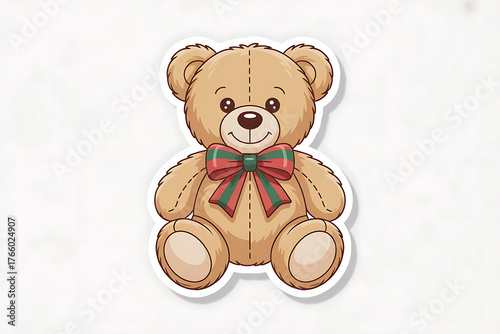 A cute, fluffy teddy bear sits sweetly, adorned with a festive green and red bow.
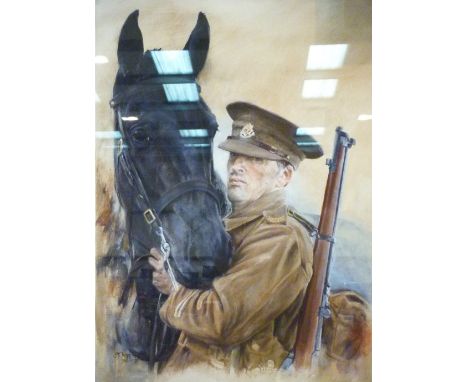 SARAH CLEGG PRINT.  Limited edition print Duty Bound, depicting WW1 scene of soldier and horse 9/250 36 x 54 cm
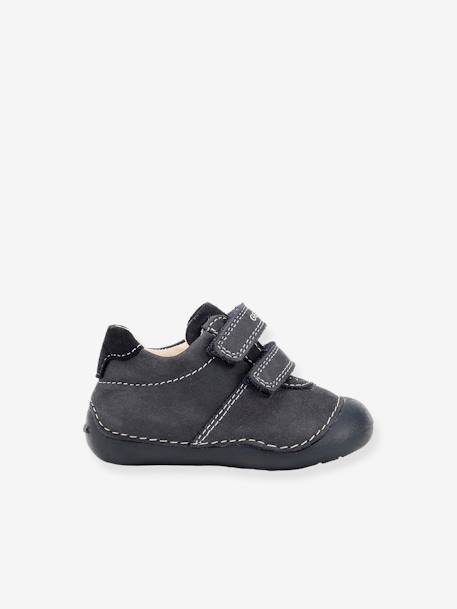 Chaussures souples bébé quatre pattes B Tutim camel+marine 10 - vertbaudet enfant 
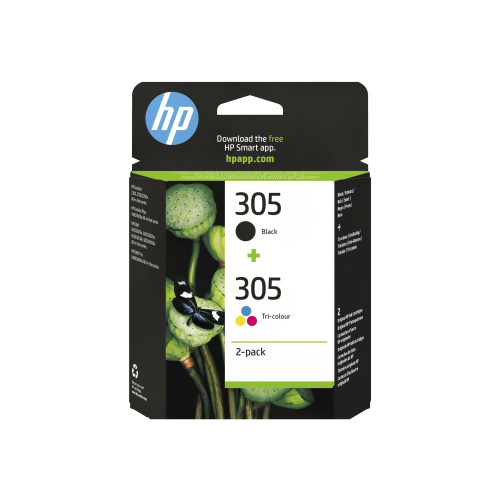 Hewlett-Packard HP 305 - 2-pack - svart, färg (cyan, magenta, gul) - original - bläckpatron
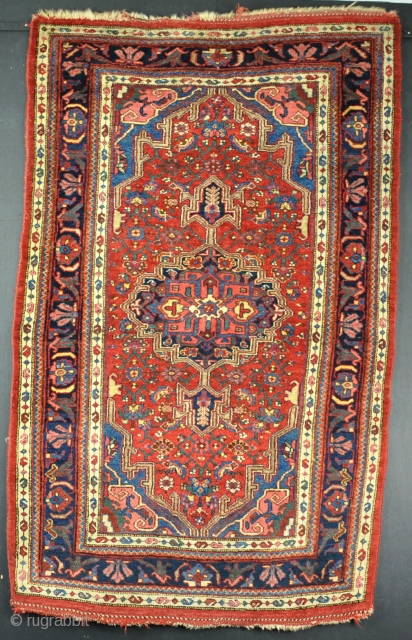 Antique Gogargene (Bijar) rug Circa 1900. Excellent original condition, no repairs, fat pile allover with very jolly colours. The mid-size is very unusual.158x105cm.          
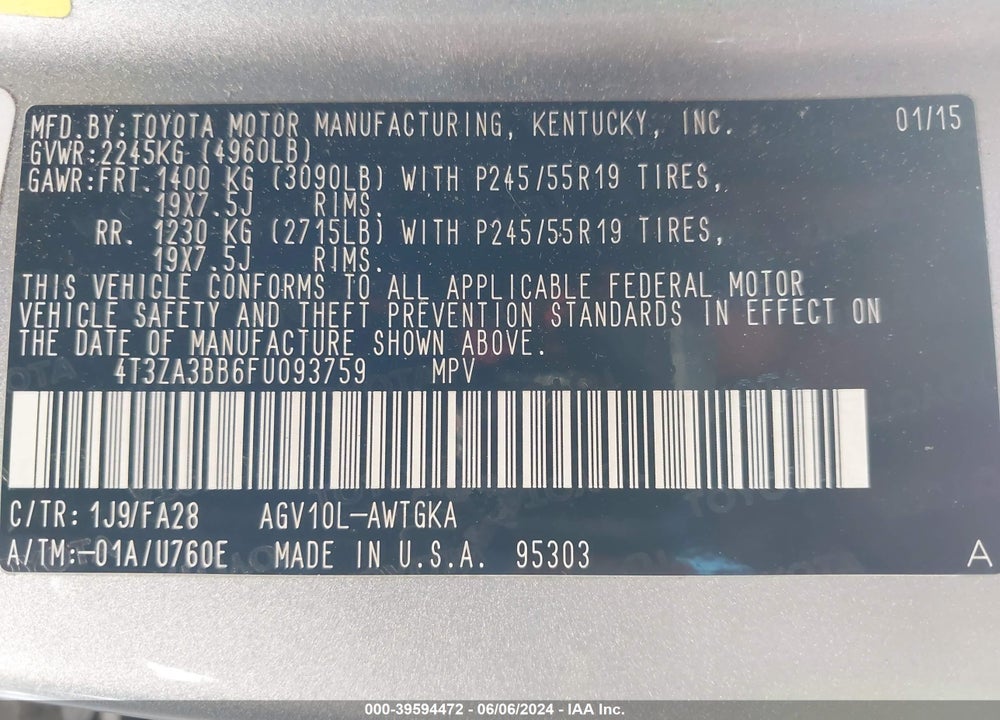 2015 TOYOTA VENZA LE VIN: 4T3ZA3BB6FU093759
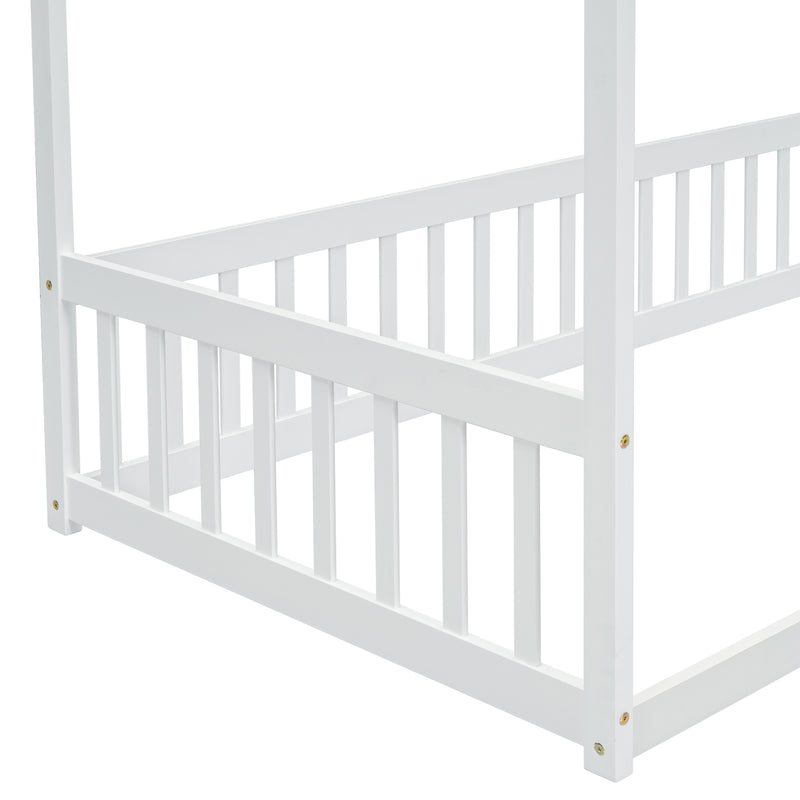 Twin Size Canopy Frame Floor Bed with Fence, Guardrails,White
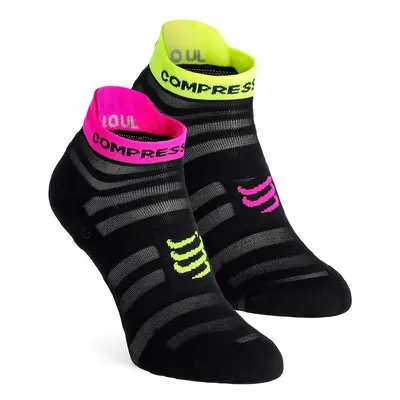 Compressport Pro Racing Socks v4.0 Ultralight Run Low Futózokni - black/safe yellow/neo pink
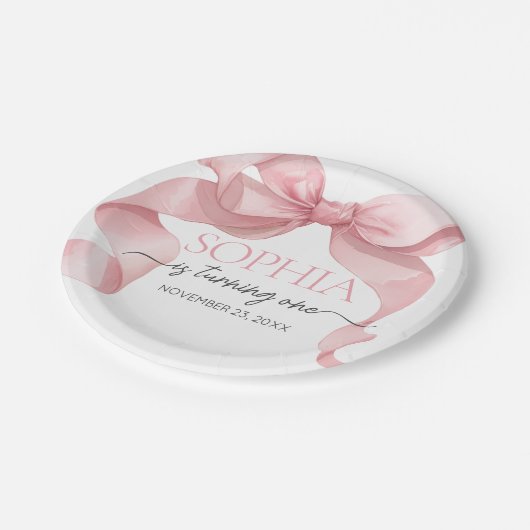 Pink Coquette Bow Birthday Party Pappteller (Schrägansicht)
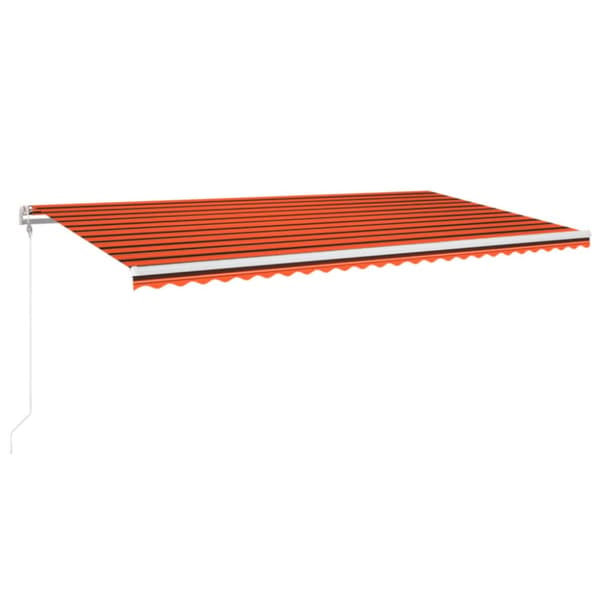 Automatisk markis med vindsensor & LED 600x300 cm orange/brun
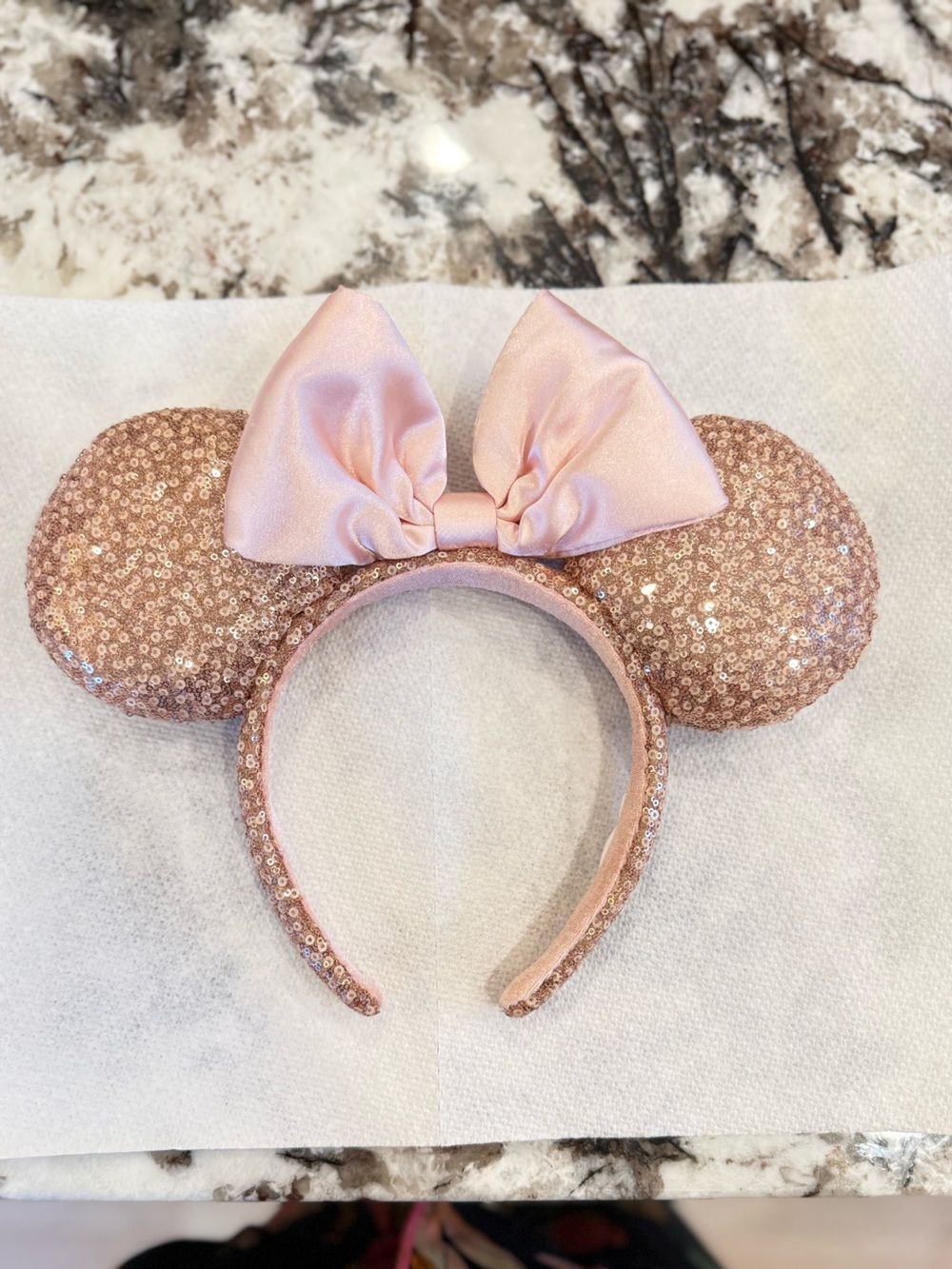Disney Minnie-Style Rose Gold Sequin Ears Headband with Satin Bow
==
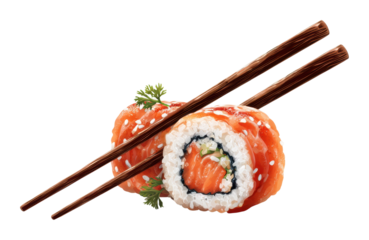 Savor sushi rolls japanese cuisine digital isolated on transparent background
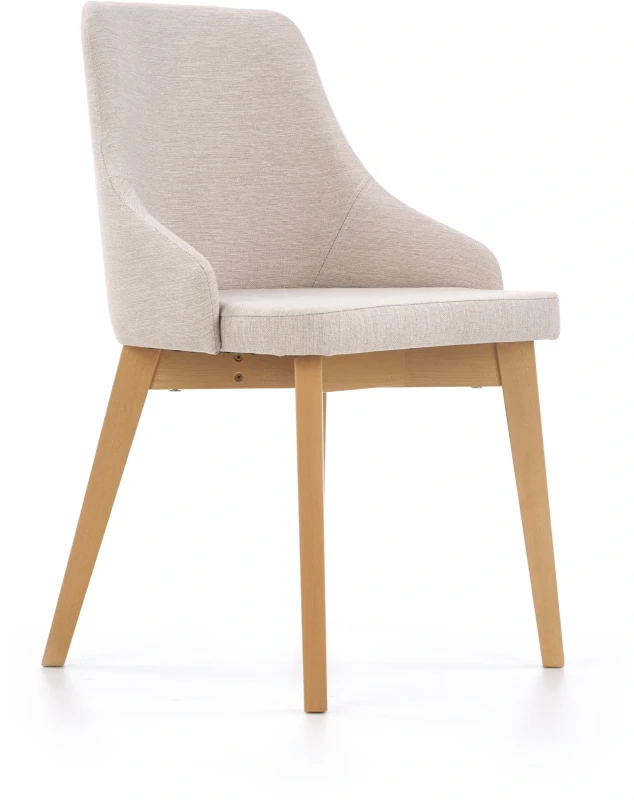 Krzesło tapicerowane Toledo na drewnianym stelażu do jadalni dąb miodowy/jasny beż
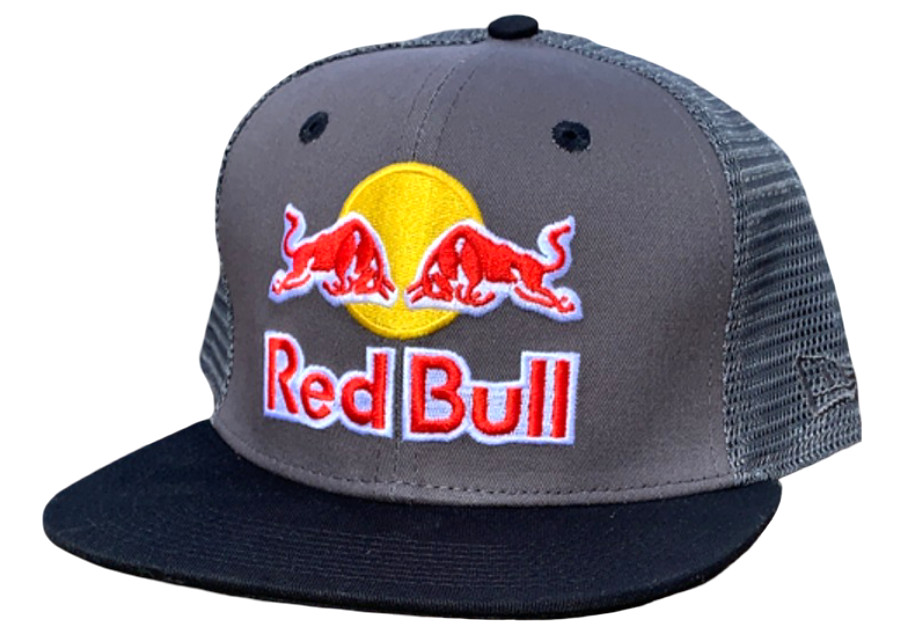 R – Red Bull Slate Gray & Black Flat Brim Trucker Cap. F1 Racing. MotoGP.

# [Required action]
Each line between the one holding "Twin Size Canopy" and the one holding "Disney Minnie-Style Rose", inclusive, should be copied exactly as it appears above, and pictures should be omitted.

# [Expected answer]
 Twin Size Canopy Frame Floor Bed with Fence, Guardrails,White
 Compressport Pro Racing Socks v4.0 Ultralight Run Low Futózokni - black/safe yellow/neo pink
 Pink Coquette Bow Birthday Party Pappteller (Schrägansicht)
 Automatisk markis med vindsensor & LED 600x300 cm orange/brun
Disney Minnie-Style Rose Gold Sequin Ears Headband with Satin Bow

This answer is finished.